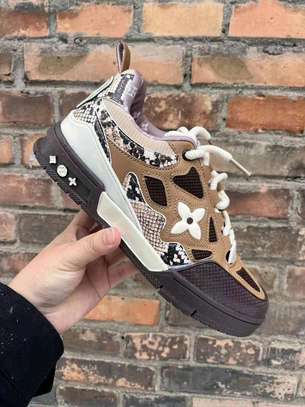 Lv sneakers image 6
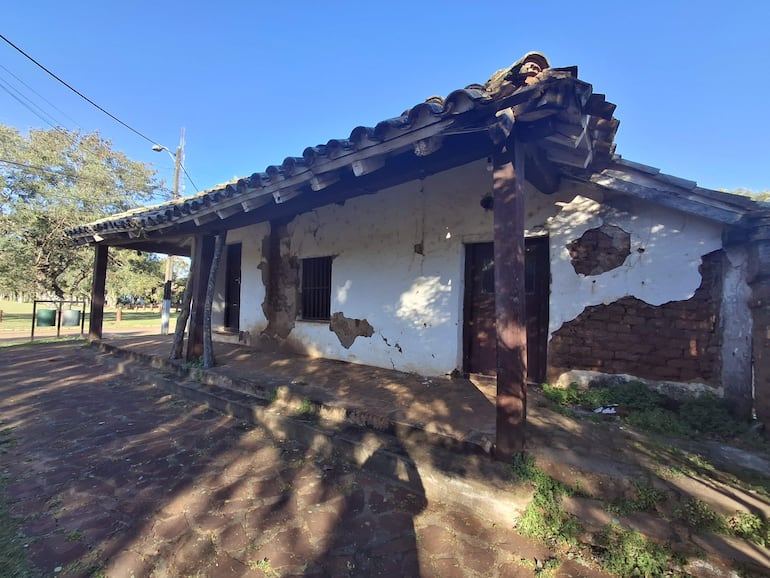 La Casa de Indios en Santiago colapsa por la falta de acción de la Secretaria Nacional de Cultura.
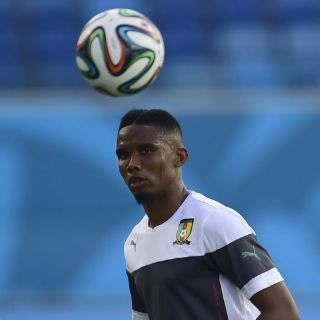 Samuel Eto'o, suspendido tras señalar racismo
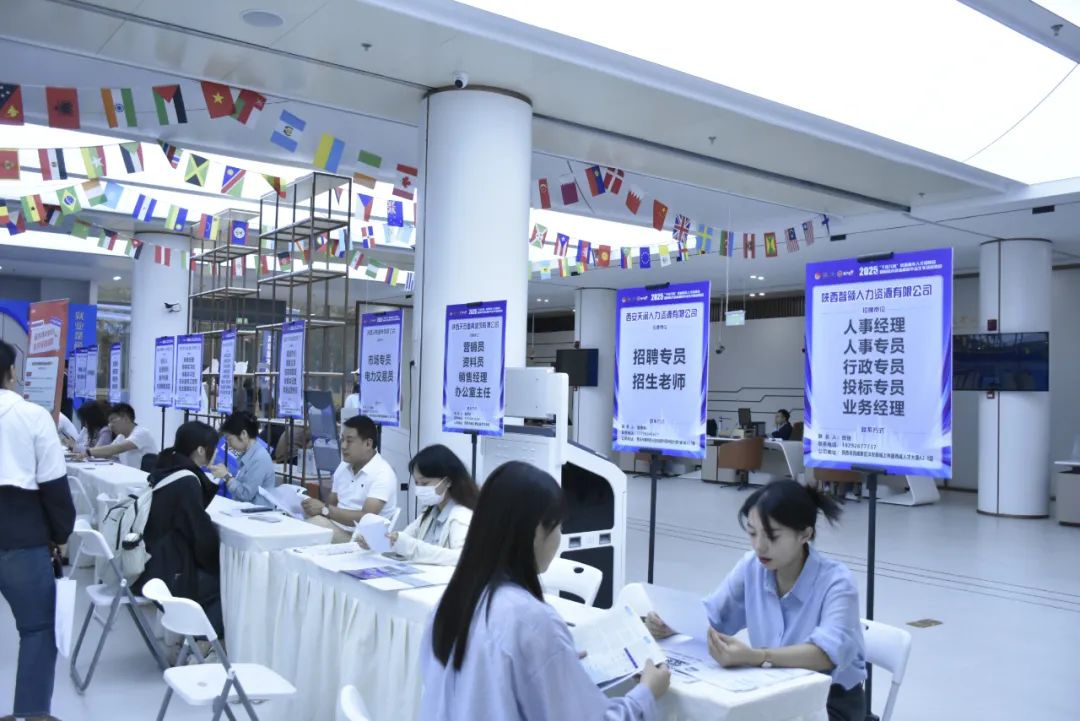 西安轨道交通技师学院学子奔赴“千校万岗”招聘会，探寻未来新方向！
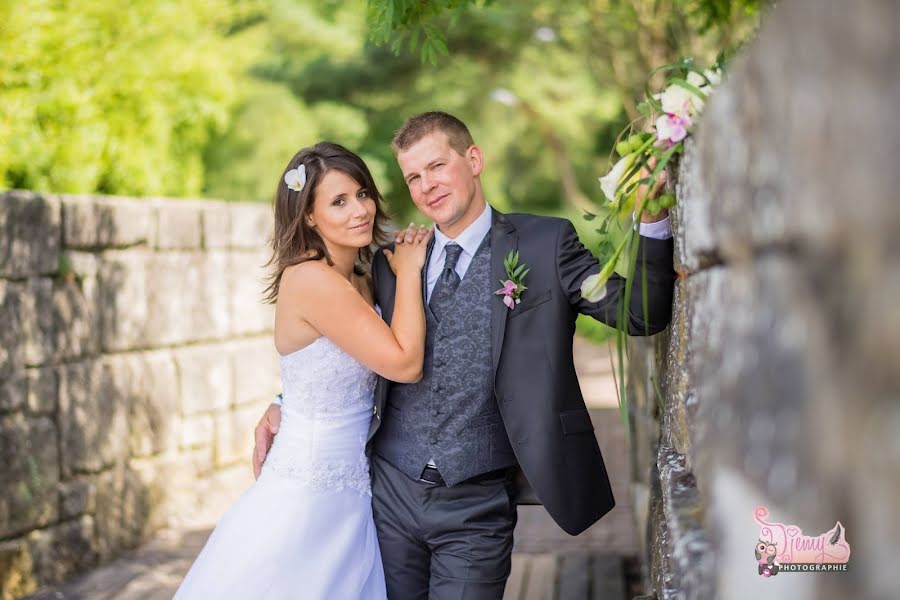 Fotografo di matrimoni Djemila Besuchet (besuchet). Foto del 10 marzo 2019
+++
[PROBLEM DESCRIPTION]: Restate every record exactly, please; do not copy the pictures.

[ANSWER SECTION]:
 Lv sneakers image 6
 La Casa de Indios en Santiago colapsa por la falta de acción de la Secretaria Nacional de Cultura.
 Samuel Eto'o, suspendido tras señalar racismo
 西安轨道交通技师学院学子奔赴“千校万岗”招聘会，探寻未来新方向！
 Fotografo di matrimoni Djemila Besuchet (besuchet). Foto del 10 marzo 2019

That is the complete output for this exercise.